Una mañana de neblina luminosa acudimos al cementerio de Ostende a presentar nuestros respetos al pintor. Al cementerio se llega atravesando barrios del sueño europeo, variación belga del equivalente americano, de plantas bajas, tranquilos, ligeramente multiculturales, y en las afueras de su vieja valla empezamos a reconocer algunos fantasmas uniformados a la manera de las dos guerras mundiales, jóvenes perdidos a la espera de destino, pescadores, pequeños burgueses despistados. Preguntamos por la tumba de Léon Spilliaert y una funcionaria nos la señala en un plano fotocopiado. Mientras rastreamos la lápida intentando ver señales aparece una cuervo que se posa en la tumba vecina mirándonos fijamente. No hacemos nada para asustarlo y sigue ahí cuando, un buen rato después, nos vamos de allí.

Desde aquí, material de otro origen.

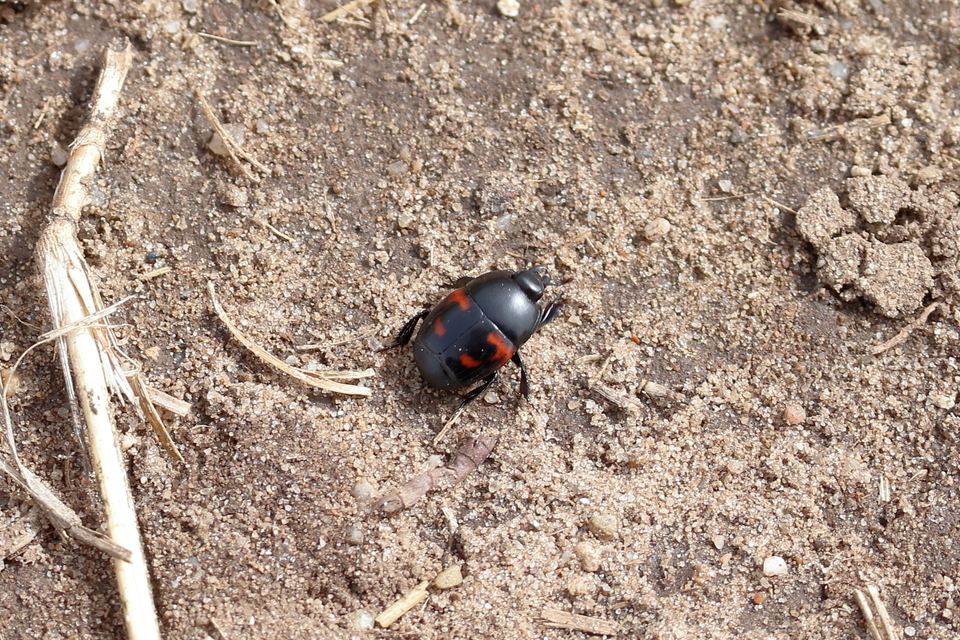 Hister quadrimaculatus - közönséges sutabogár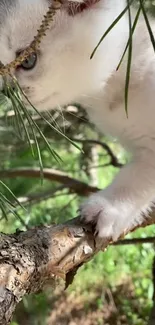 Kitten perched on tree branch amidst green foliage.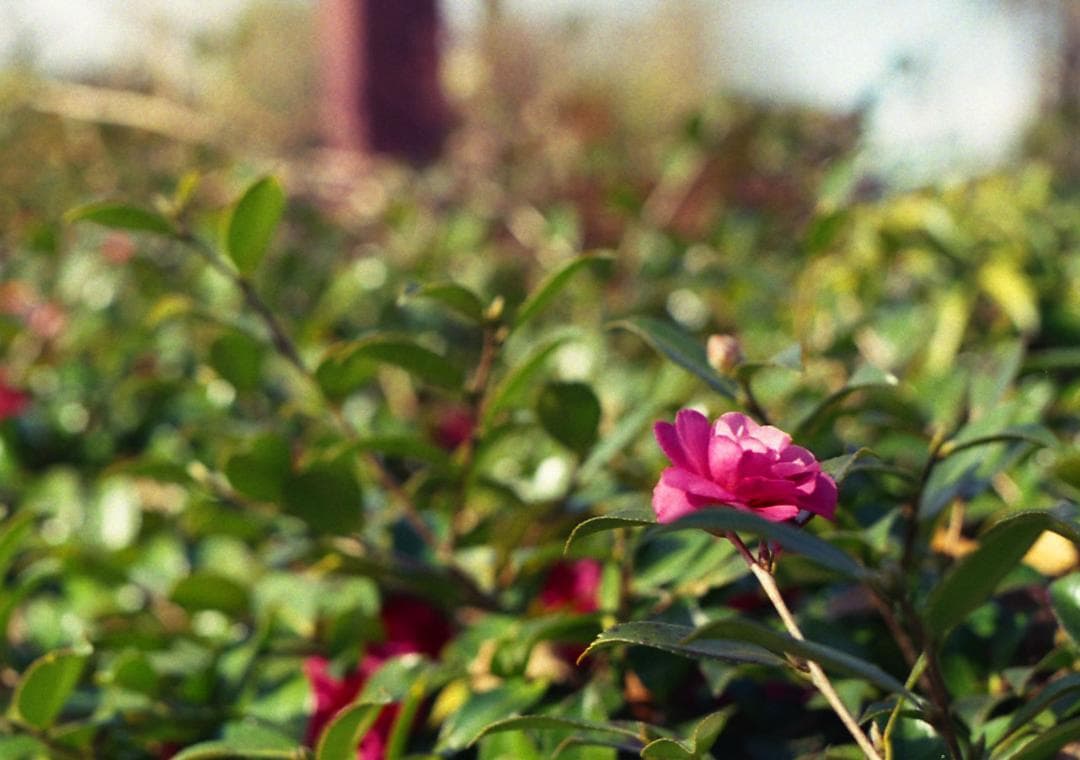 【試写確認済み】キャノン Canon FTb QL　50㎜F1.8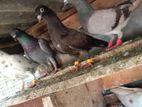 Pigeon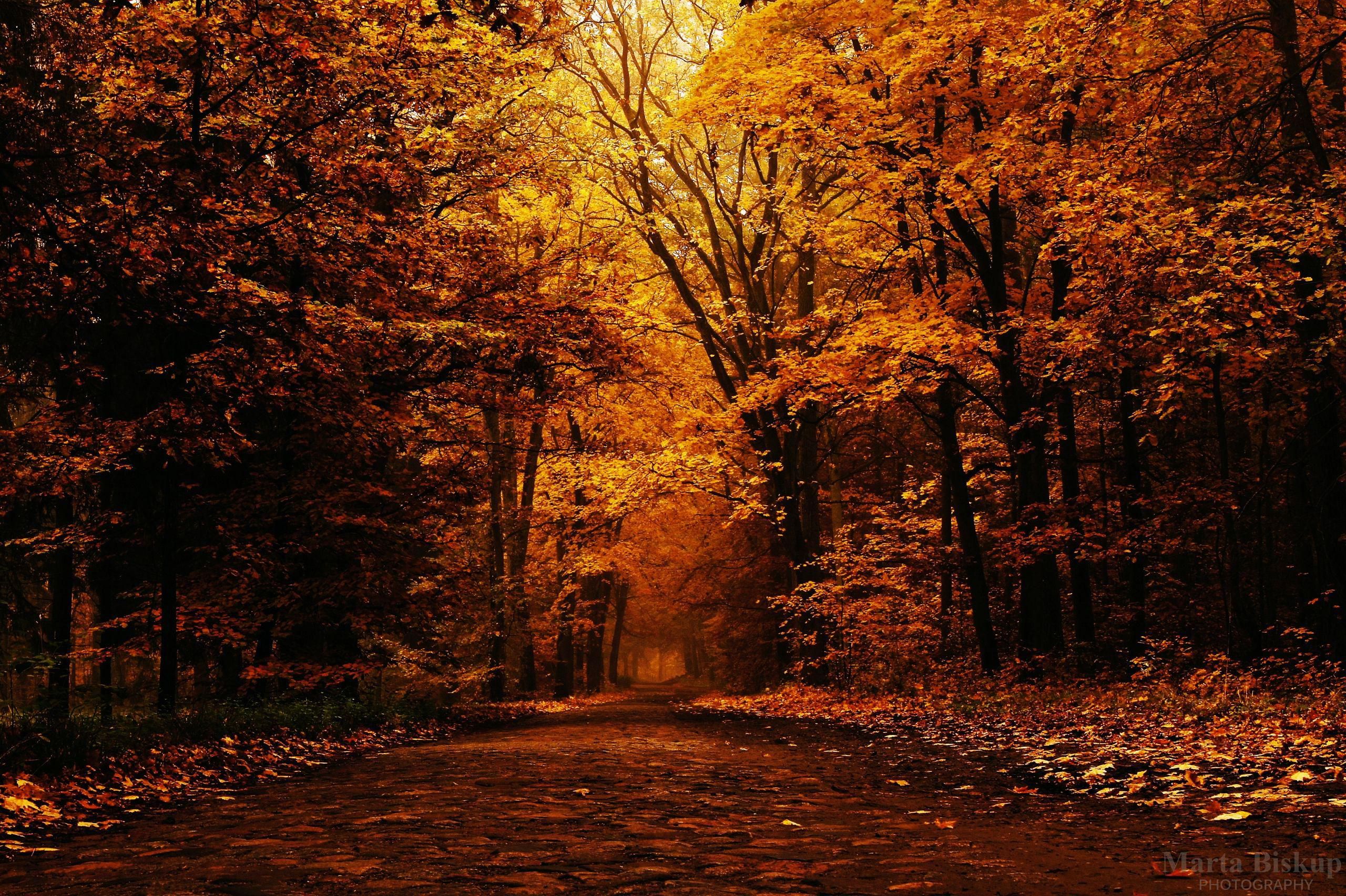 fall wallpaper iphone aesthetic 0081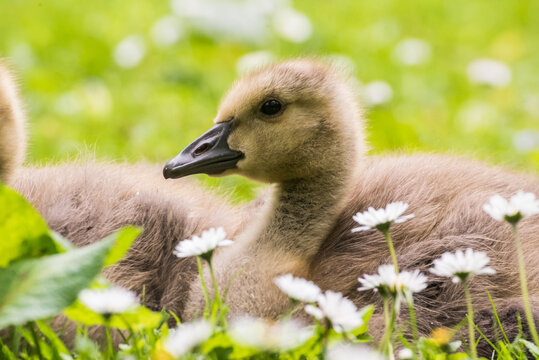 Cute gosling sitting in the green grass close up portraits of cuddling cute fluffy gosling  goose soft bokeh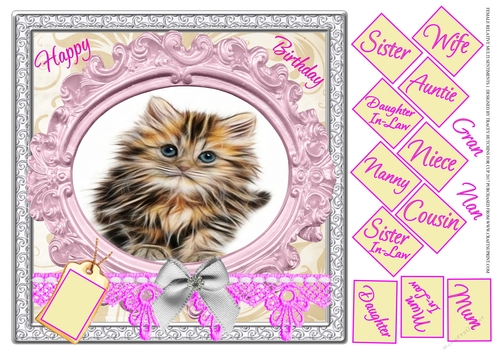 FEMALE RELATIVES 37 KITTEN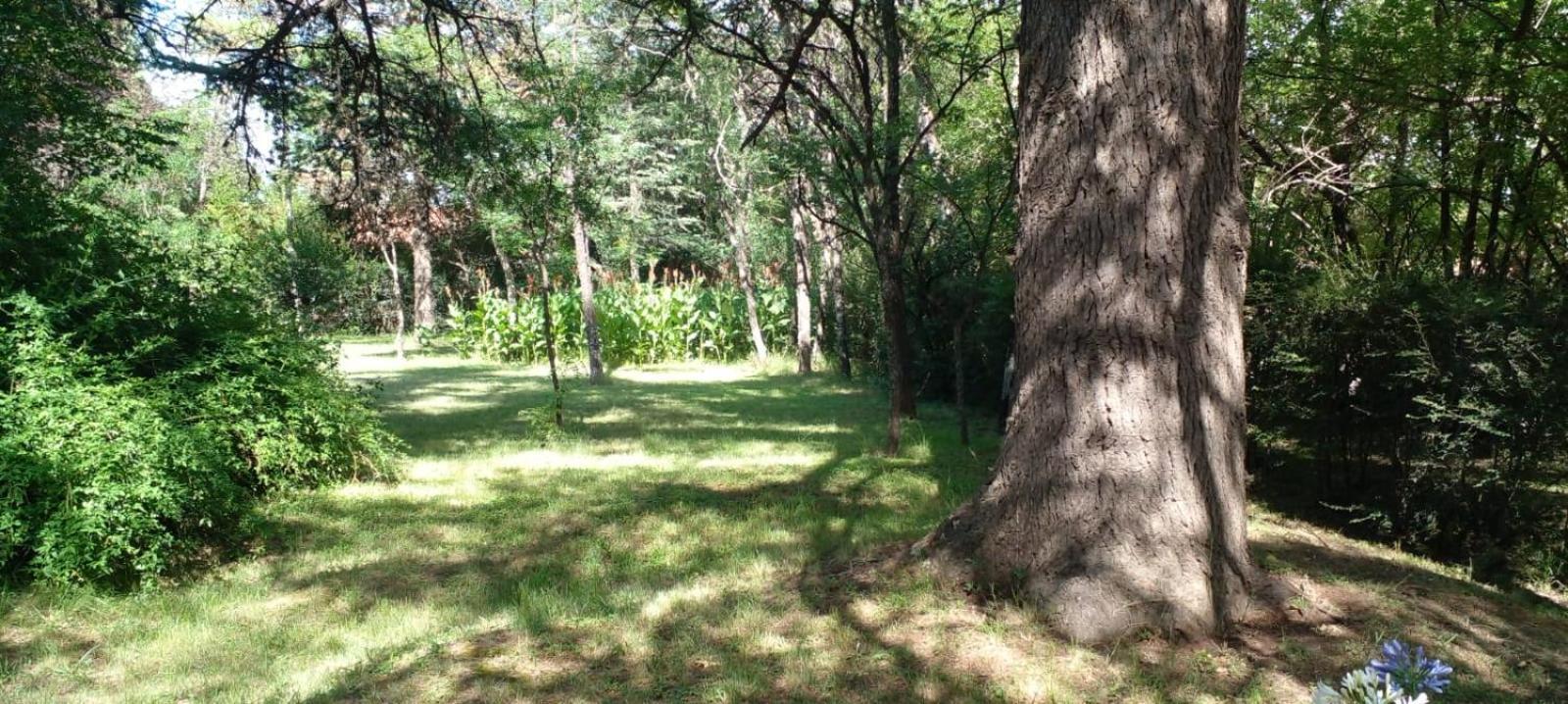 Cabana En Quinta La Aurora Mina Clavero Zewnętrze zdjęcie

De vuelta al centro oímos el graznido de un pájaro insistente. Lo localizamos en lo alto de un edificio contiguo a un solar, con un curioso efecto de luz que sé que alguna vez será un cuadro. El cuervo calla en cuanto me ve hacer la foto que me ha señalado. Y recuerdo los seres alados que Spilliaert dibujó para ilustrar a Latréaumont, esas extrañas aves de rapiña, y su obsesión con los árboles en sus últimos años, y al cuervo de Edgar Allan Poe, y pienso que el pintor hubiera estado cómodo siendo un pájaro y que alguna vez lo fue o lo será. Y sentimos por primera vez, con toda certeza, que el fantasma de Spilliaert sigue aquí, en alguna parte.